Typically, CSM systems are server-based software applications that reside between the media network, which connects the various broadcast or manipulation devices, and the storage network, which connects the nearline and archive storage tiers. The most basic function of CSM is the automated retrieval of high-resolution digital content (or essence) either from a data tape library (with the aid of a robot), or from a data server, and the delivery of that content either to a workstation, playout or editing device. CSM also performs this process in reverse – moving content back to storage. In a given media operation, CSM may be used to facilitate content manipulation and repurposing; systems interoperability through high and low bit rate content transcoding; and/or site-to-site content replication for disaster recovery.

CSM solutions comply with the well known Reference Model for an Open Archival Information System (OAIS), which is fundamental to long-term archive and content preservation in file-based environments and are characterized by a set of application-specific functionality, which can include:

  • Interfaces to proprietary media creation and consumption devices regardless of interface and storage topology
  • Transcoding and rewrapping technologies to ensure compatibility of content despite its source, format, encoding rates, aspect ratio, content container/wrapping standards
  • Direct integration to any type and format of storage device typically categorized as IT-centric storage devices allowing limitless or near limitless storage expansion
  • Integration with various network technologies including Ethernet, Fibre Channel, etc. and many protocols such as SCSI, TCP/IP, etc.
  • Full compliance with the well established OAIS model allowing combination of reference metadata, media and any other key elements, which comprise an overall asset targeted to storage and preservation goals
  • Subjective content analysis for file-based audio/video content entering and exiting the system
  • Data integrity and validation checks such as checksums, etc.
  • Analytics engines for capturing, measuring and reporting on all internal aspects of the system including network bandwidth, read/write error rates, data storage profiles, etc.
  • Features for local and geographically distributed content storage for file-based distribution as well as disaster recovery applications
  • Extensibility through incremental addition of features and resources to allow limitless or near limitless expansion of the system

History of CSM[edit]

The concept of CSM was first introduced in November 2006 by Brian Campanotti and Rino Petricola from Front Porch Digital Inc, one of the providers of CSM solutions. CSM solutions have their origins in archive management systems, but their functionality is considerably broader. Likewise, CSM systems resemble hierarchical storage management (HSM) systems in that both migrate among storage tiers, but they are distinct. For example, CSM software is media-specific, with internal decision-making models based on media-centric parameters, and with programmatic interfaces specific to control and management by broadcast business systems such as traffic, inventory, and automation. CSM groups related assets (typically video file and related multilingual audio files) into a single managed object for storage and retrieval. CSM does not use stub files, which are pointers to files, but instead handles actual media files directly. CSM migrates files by copying them between systems rather than transferring them from system to system. And finally, by definition, CSM does not stand alone but functions as an abstraction layer between disparate systems including various storage devices, broadcast editing and playout devices and even end consumer devices such as set top boxes and Web streaming sites.

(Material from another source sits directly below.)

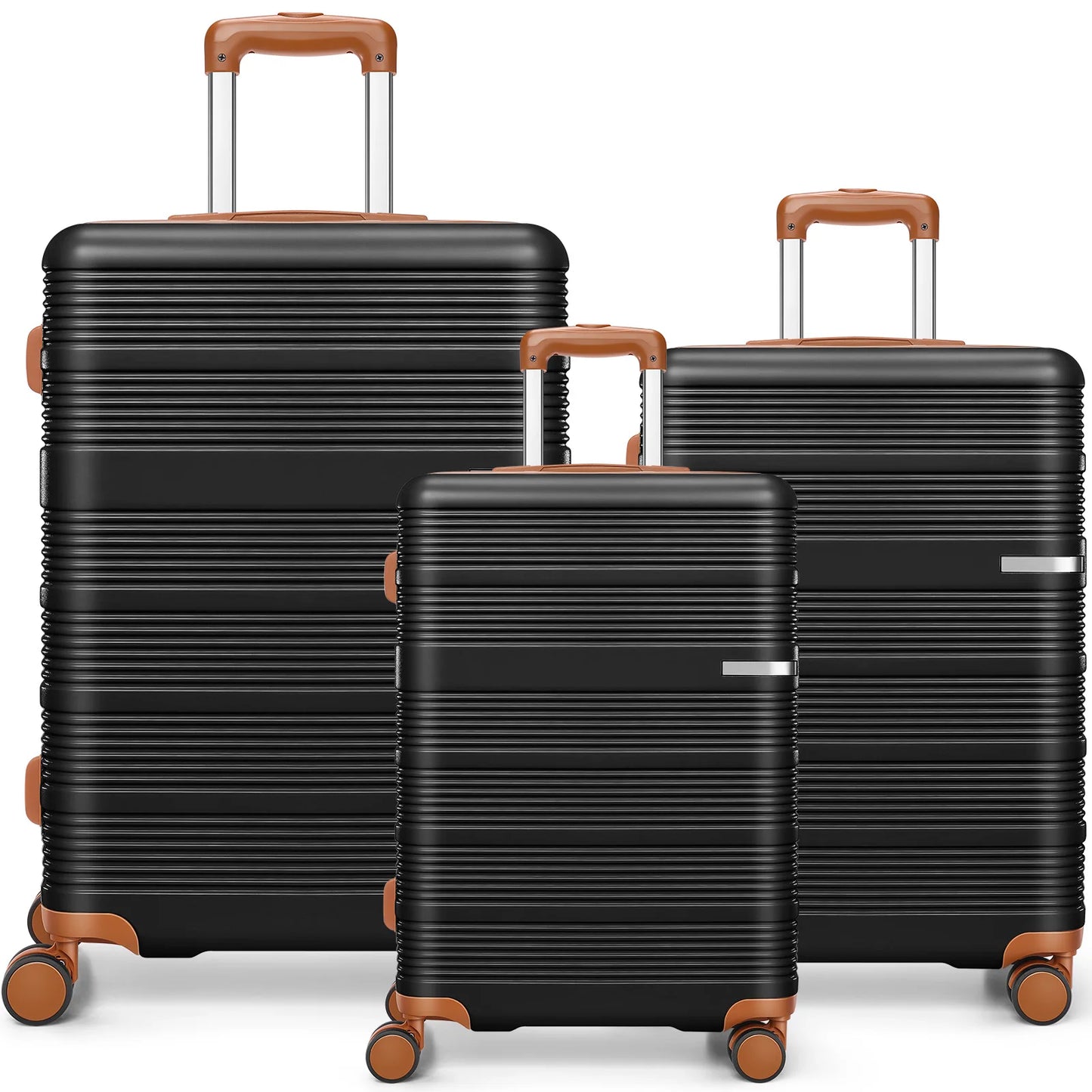 3-Piece Hardshell Luggage Set (20"/24"/28"), Nesting Suitcases with Spinner Wheels & TSA Lock for Family Travel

The most significant differentiator between CSM and HSM solutions is the difference between migration between tiered storage fundamental to HSM and the active storage management fundamental to CSM solutions. Conceptually, HSM solutions are used to age content to less expensive tiers of storage based on static policies examining parameters such as least recently accessed, file size, specific directories/paths, etc. and treat each file as a separate and unique entity. Although CSM solutions also manage tiered storage (although not specifically limited to any type, amount or storage technology) but do not rely on static polices but rather can be living policies that can be assigned dynamically to content entering the system and govern replication policies, storage persistence, age-based migration as well as more advanced content aware processing steps such as transcoding, rewrapping, reformatting and subjective quality analysis. In some cases, the content stored within the CSM system is intentionally different than the content that entered the system initially. As an example, content entering a CSM solution in a legacy media format such as Pinnacle MPEG2 may be intentionally transcoded to MPEG2 IMX50 and wrapped in an industry standard format such as MXF to ensure longer term compatibility with other systems connected to the CSM solution. These media-centric workflows are not inherently supported by HSM solutions.

Based on the content centric focus of CSM solutions, they do not have legacy reliance on key HSM traits such as the use of stub files, which must remain on the original file system from where the file was migrated to cheaper tiers of storage. Although beneficial in some environments where HSM is being used simply as a “disk extender” for economic motivation, this feature is a significant limitation in active file-based content workflows typical in media, entertainment and preservationist applications where CSM solutions are key. Because of the inability for broadcast devices to maintain these HSM specific stub files on their internal (online) disk, the use of HSM systems in these advanced applications mandates a copy of the media content be made first from the online storage to some other tier of spinning disk prior to the HSM system taking ownership and migrating the content to other tiers of disk. As the HSM systems do not have the ability to directly interface to these various broadcast and media devices such as encoders, video servers, editing systems, etc. there is usually another software application responsible for this additional step such as a media asset management (MAM) system or other application specific utility.

CSM solutions extend the realm of content control and management directly from the internals of the content source and destination devices through any number and type of mass storage devices (disk, tape, optical, offline, etc.) all managed by configurable intelligent policies similar in concept to information lifecycle policies (ILM) but enhanced to become “content aware.”

CSM solutions are not meant to age content into less expensive storage over time as its perceived value diminishes but rather actively play a part in a fairly symmetrical content lifecycle where content stored within the CSM system yesterday or five years ago is just as likely to be requested to be restored. All content stored within a CSM storage infrastructure is equally viable for restore operations at any point of time and often no reliable predictability is possible.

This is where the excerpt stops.